Problem description:
Your reply should be an exact copy of every entry, with the pictures removed.

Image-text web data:
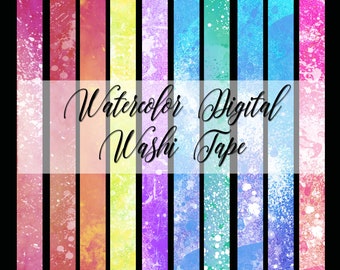 Watercolor Digital Washi Tape Strips Washi Downloadable Scrapbooking Card Making Paper Crafts Printable Colorful Splats Spatters Splatters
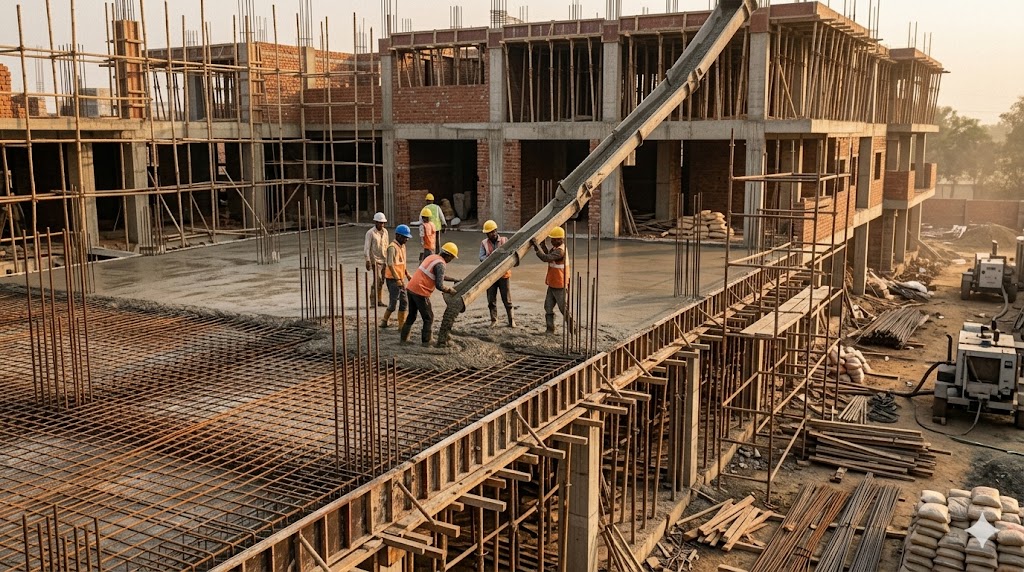 Slab pour in progress on an Indian construction site — milestone moment when a fee instalment falls due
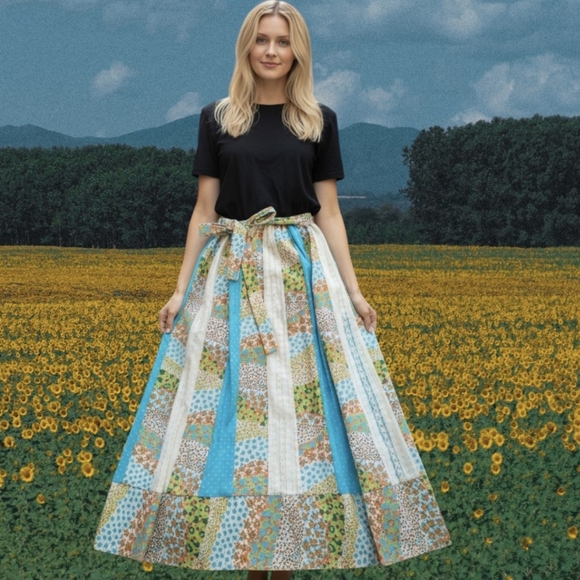 Vtg Patchwork Hand Crafted Maxi Skirt  Multicolor Festival Bohemian Woodstock L - Picture 1 of 9
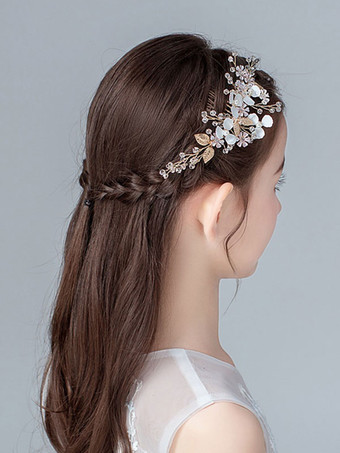 Accessoires de Cheveux Fille de Coiffure Fille de Fleur Perles Blond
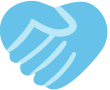 Blue icon of two hands shaking, forming the shape of a heart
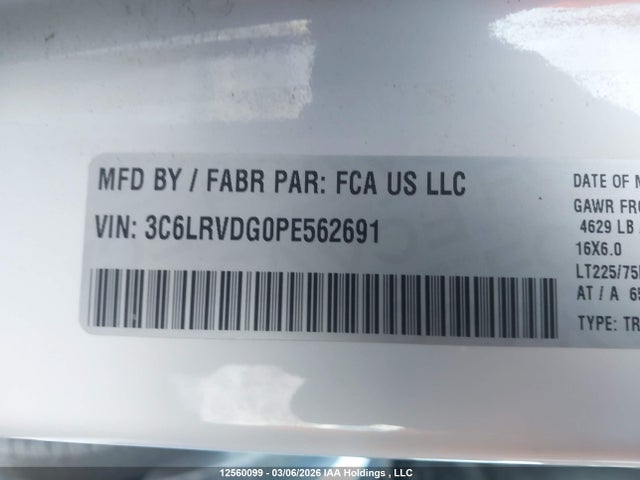 Продаж на аукціоні авто 2023 Ram Promaster 2500 High Roof 159 In. Wb, vin: 3C6LRVDG0PE562691, номер лоту: 12560099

Output:
 Watercolor Digital Washi Tape Strips Washi Downloadable Scrapbooking Card Making Paper Crafts Printable Colorful Splats Spatters Splatters
 Slab pour in progress on an Indian construction site — milestone moment when a fee instalment falls due
 Vtg Patchwork Hand Crafted Maxi Skirt  Multicolor Festival Bohemian Woodstock L - Picture 1 of 9
 Accessoires de Cheveux Fille de Coiffure Fille de Fleur Perles Blond
 Blue icon of two hands shaking, forming the shape of a heart
 Продаж на аукціоні авто 2023 Ram Promaster 2500 High Roof 159 In. Wb, vin: 3C6LRVDG0PE562691, номер лоту: 12560099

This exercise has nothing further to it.